Personal information
- Full name: Rupert Renorden Sandilands
- Date of birth: 7 August 1868
- Place of birth: Denford, England
- Date of death: 20 April 1946 (aged 77)
- Place of death: Southampton, England
- Position(s): Outside left

Senior career*
- Years: Team / Apps / (Gls)
- 1888–1898: Old Westminsters
- 1889–1897: Corinthian
- 1892: → Casuals (guest)
- 1896: → Ealing (guest)

International career
- 1892–1896: England / 5 / (3)

= Rupert Sandilands =

English footballer

Rupert Renorden Sandilands (7 August 1868 – 20 April 1946) was an English international footballer who played as an outside left.

==Early and personal life==
Sandilands was born on 7 August 1868 at the vicarage in Denford, near Thrapston in Northamptonshire, where his father Percival was the vicar. He was the youngest of six children. By 1881 the family was living at Lyvdene School in Devon, where his father was schoolmaster.

Sandilands attended Westminster School. He worked in London as a clerk for the Bank of England. In addition to his football career, he also played hockey and cricket.

==Football career==
Sandilands played football whilst attending Westminster School, and played club football for Old Westminsters, Casuals, Corinthian and Ealing.

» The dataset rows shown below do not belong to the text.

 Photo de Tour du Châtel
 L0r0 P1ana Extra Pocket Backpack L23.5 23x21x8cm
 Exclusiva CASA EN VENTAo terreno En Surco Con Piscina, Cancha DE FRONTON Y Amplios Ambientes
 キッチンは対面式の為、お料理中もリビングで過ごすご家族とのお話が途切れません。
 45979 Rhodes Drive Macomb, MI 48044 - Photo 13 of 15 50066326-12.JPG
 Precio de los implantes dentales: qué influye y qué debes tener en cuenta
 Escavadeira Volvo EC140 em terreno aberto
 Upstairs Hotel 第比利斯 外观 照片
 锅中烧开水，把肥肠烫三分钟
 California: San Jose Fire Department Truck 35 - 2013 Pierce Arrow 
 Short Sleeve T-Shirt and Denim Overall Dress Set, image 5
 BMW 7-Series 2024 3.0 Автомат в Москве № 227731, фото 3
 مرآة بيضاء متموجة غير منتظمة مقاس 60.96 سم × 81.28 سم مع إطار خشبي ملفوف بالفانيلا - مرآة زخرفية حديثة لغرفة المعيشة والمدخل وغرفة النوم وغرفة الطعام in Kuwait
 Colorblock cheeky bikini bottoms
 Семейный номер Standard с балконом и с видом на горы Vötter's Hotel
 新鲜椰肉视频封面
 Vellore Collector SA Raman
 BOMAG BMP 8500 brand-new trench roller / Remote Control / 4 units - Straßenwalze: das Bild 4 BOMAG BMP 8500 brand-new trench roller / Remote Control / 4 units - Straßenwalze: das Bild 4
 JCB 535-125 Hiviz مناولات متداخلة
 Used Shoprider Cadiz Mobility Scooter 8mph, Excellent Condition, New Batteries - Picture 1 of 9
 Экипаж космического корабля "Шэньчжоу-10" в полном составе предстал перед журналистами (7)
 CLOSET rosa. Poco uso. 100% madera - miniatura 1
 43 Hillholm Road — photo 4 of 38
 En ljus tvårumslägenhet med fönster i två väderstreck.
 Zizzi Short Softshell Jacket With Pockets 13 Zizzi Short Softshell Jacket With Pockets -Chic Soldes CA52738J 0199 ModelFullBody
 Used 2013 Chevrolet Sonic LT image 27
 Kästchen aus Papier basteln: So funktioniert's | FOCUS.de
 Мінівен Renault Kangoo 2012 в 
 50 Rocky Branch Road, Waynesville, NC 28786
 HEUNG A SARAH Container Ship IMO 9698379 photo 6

He earned five caps for the England national side between 1892 and 1896, scoring three goals. His first appearance for England was against Wales in March 1892; he scored England's second goal in a 2–0 victory. He had previously played for an England XI against Canada in a match not regarded as an official international.

==Later life and death==
Sandilands had retired from the Bank of England by 1939. He was living in Lewes and died in Southampton on 20 April 1946, aged 77.